Task details ▸ Only the pictures should be left out; write out all other data exactly.

*** Given entries Section Begins ***

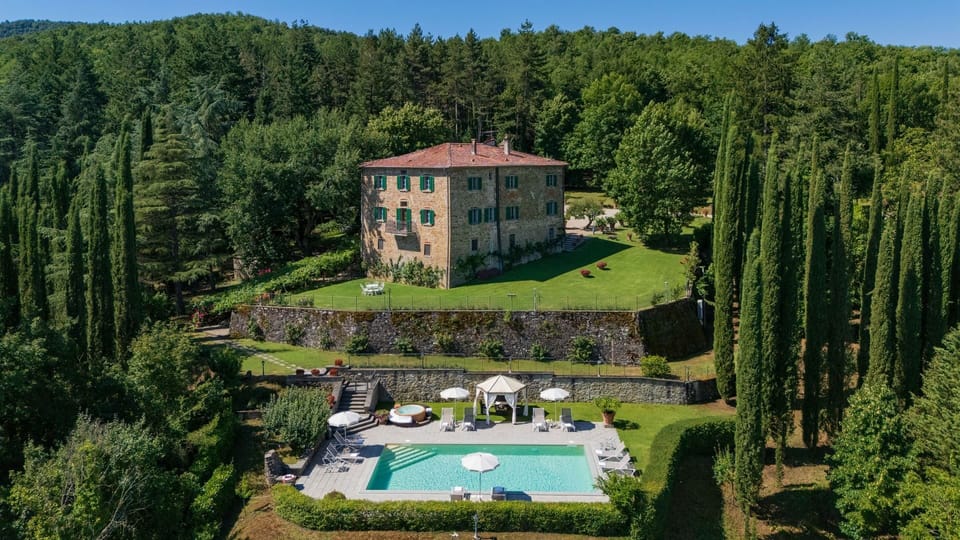 Palazzo Rosadi, Monterchi, Arezzo and Cortona Villa in Tuscany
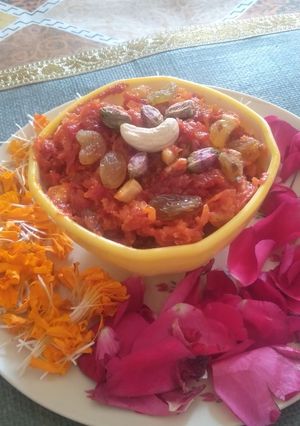 ગાજર નો હલવો(Gajar halwa recipe in Gujarati) રેસીપી મુખ્ય ફોટો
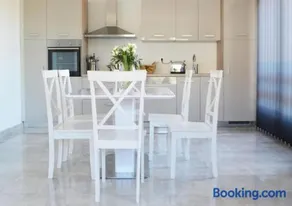 Island Residence - Image 4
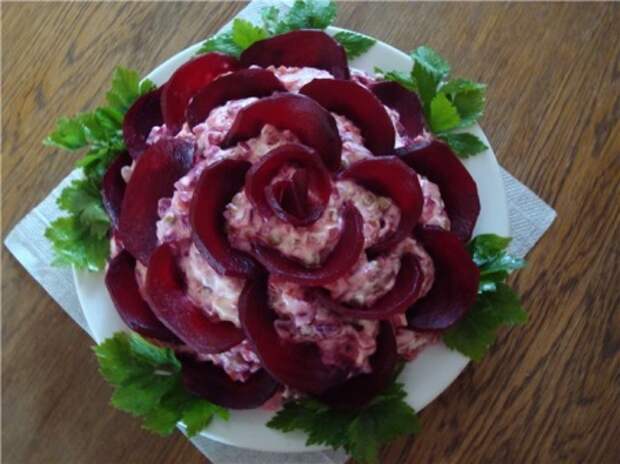 Салат "Черная роза" к 14 февраля. Рецепт оригинально, красивого салата ко дню Святого Валентина. 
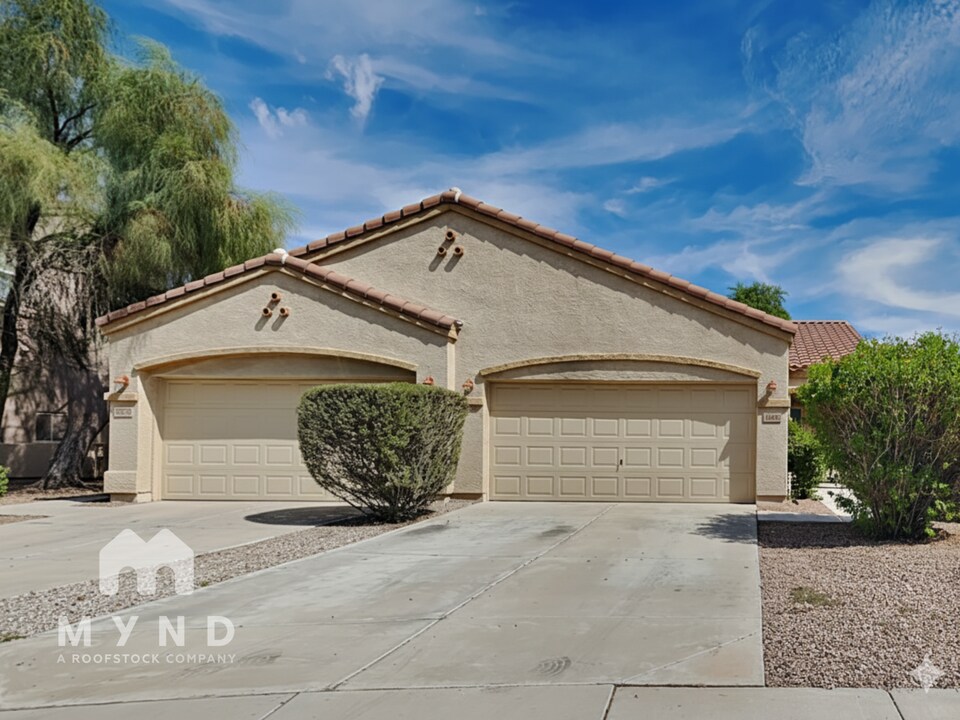 12853 N 87th Dr in Peoria, AZ - Foto de edificio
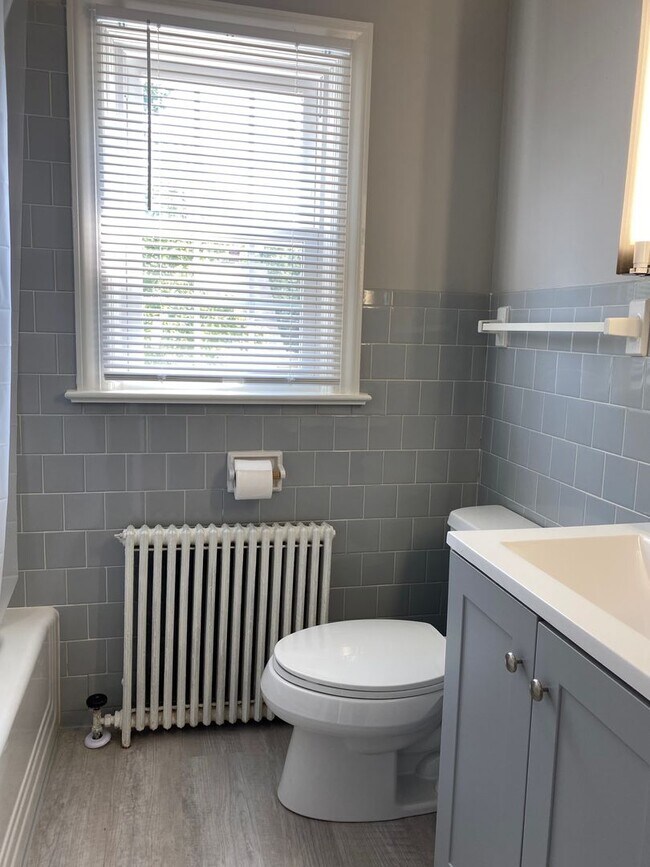 Building Photo - Updated 3 bedroom, 1.5 bathroom single fam...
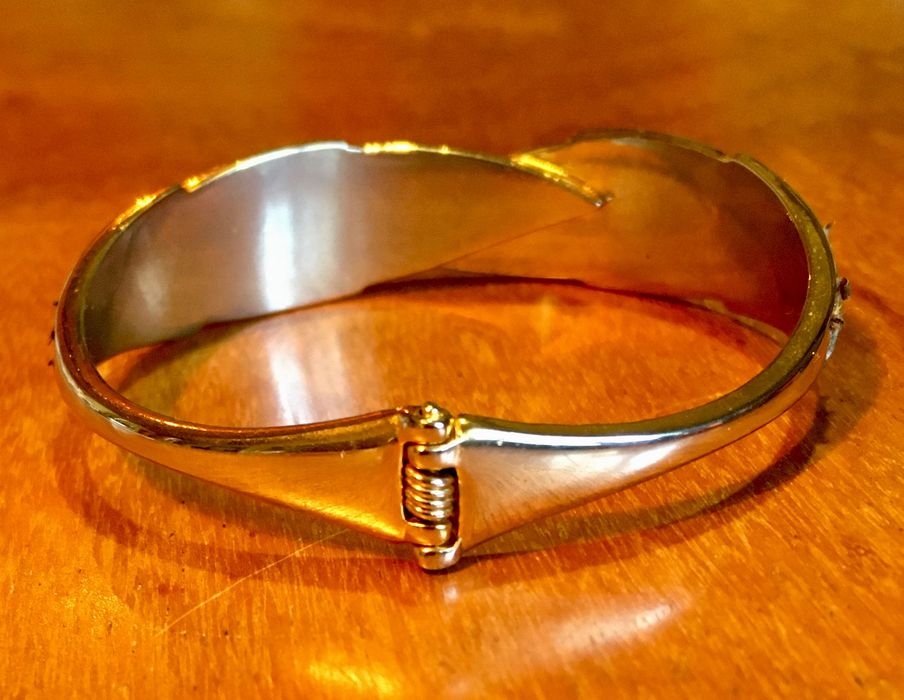 3 PULSEIRAS ANTIGAS - em materiais naturais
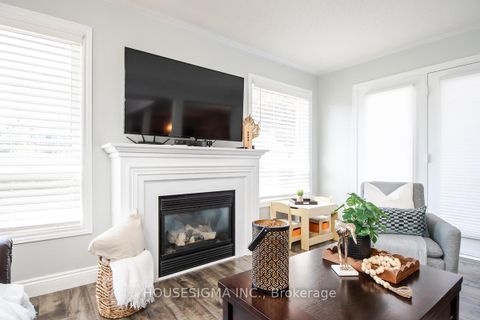Photo 13 at 27 Staples Avenue, Courtice, Clarington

*** Given entries Section Ends ***

Exercise output ▸
 Palazzo Rosadi, Monterchi, Arezzo and Cortona Villa in Tuscany
 ગાજર નો હલવો(Gajar halwa recipe in Gujarati) રેસીપી મુખ્ય ફોટો
 Island Residence - Image 4
 Салат "Черная роза" к 14 февраля. Рецепт оригинально, красивого салата ко дню Святого Валентина. 
 12853 N 87th Dr in Peoria, AZ - Foto de edificio
 Building Photo - Updated 3 bedroom, 1.5 bathroom single fam...
 3 PULSEIRAS ANTIGAS - em materiais naturais
Photo 13 at 27 Staples Avenue, Courtice, Clarington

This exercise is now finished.